Whiting-Turner Contracting Co. presented a comprehensive cost breakdown of a planned 24,000-square-foot building, further solidifying the town’s decision to pursue a smaller building in light of rising material costs.
Though the proposed design is not yet final, and needs to be officially approved by the Town Council and Board of Finance, Whiting-Turner is hoping to have plans finalized before the end of the year so it can break ground by June.
The estimated price of construction for the current plan is $18.67 million, higher than the $17 million allocated in a referendum last November, leaving committee members torn on what to cut from the plan to reduce costs.

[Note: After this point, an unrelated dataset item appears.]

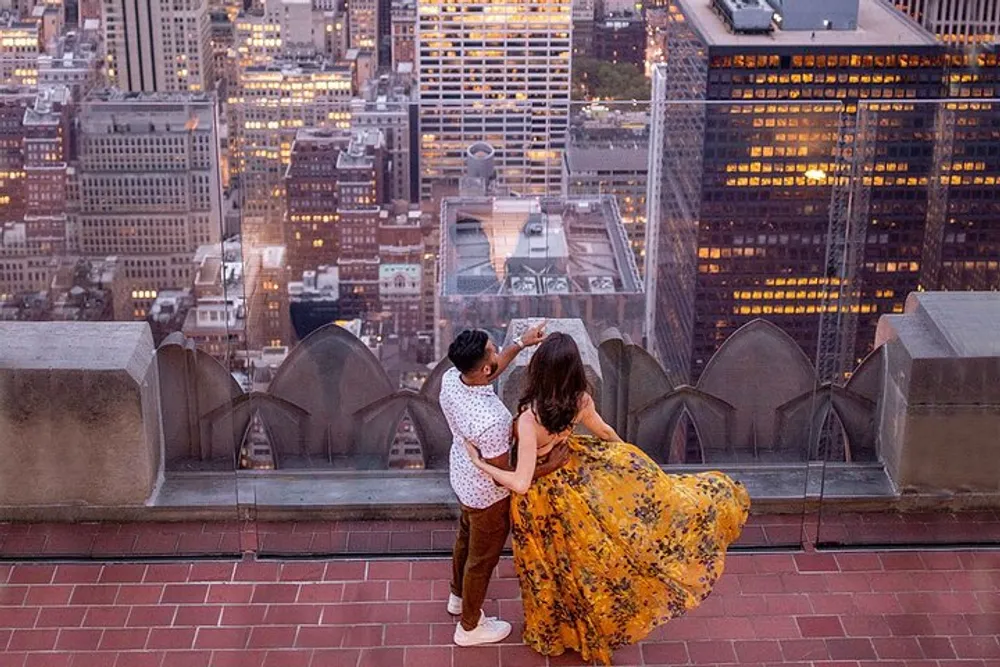 Two people are enjoying a cityscape view from a high vantage point at dusk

The committee discussed the cost of furniture, fixtures and equipment for the building, including shelves, art fixtures and computers. These account for $3.7 million of the overall project cost, with $14.9 million going towards the construction and development of the site.
Rather than cut back on new equipment, committee members debated altering parts of the building to cut costs – such as removing the proposed drive-through reception desk and a bay of sliding glass doors that open to the outdoors to increase community space in the summer.
Project planners were open to making alterations, but otherwise seemed committed to the current 24,000 square-foot design because returning to the original 30,000 square-foot plan would require more time and cost more money.
“No idea is a bad idea at this point in the game. I won’t say that six months from now,” said Whiting-Turner’s Tim Kostuk, project construction manager. “Because there’s a cost of redesign, there’s a cost of time, now’s the time to make changes.”
The committee is expected to discuss more potential changes to the plan at its next meeting Oct. 19.
Committee member Ralph Warner took issue with the sloped roof of the library’s central meeting space, which pitches back onto a flat section of the building between the first and second floors. His concern is with rain and snow falling back onto that part of the roof, it will begin to leak within several years.
“You should never pitch water toward another building,” Warner said. “I give that five years and it’s going to leak.”
Despite exceeding budget, the committee expressed satisfaction that they were close to the target number. Members felt even with the tentative commitment to a smaller, 24,000 square foot structure, that it will be a significant change from the current building. All the space will be usable. In the existing 21,000 square foot library, about 6,000 square feet in the basement is largely unusable.
“I think 24,000 square feet compared to this building, it’s night and day,” Committee Vice Chair Paul Champagne said.
Mary Baker, a member of the town library board, echoed similar sentiments.
“I’m very excited to see us go forward with the new building and see what we can manage with a new facility,” she said. “We’re going to have a study space, we’re going to have a programming space, we’re going to eliminate sound issues and we’re going to keep the entire collection. So I’d like to say that size doesn’t matter, perhaps.”
However, some residents remain dissatisfied that the planned building is way short of the original 30,000 square foot proposal - saying the 24,000 square foot plan isn’t large enough to serve the size of the community.
“It really feels like we’re just moving forward with the 24,000 square foot library. It seems like there’s a disconnect from the conversations that are happening both at Town Council and the community about looking for more money, looking for ways to give this town a library that would be appropriately sized,” said resident Katie Wade.
The town will be hosting a booth during the second weekend of the upcoming Apple Harvest Festival to answer questions about plans for the library.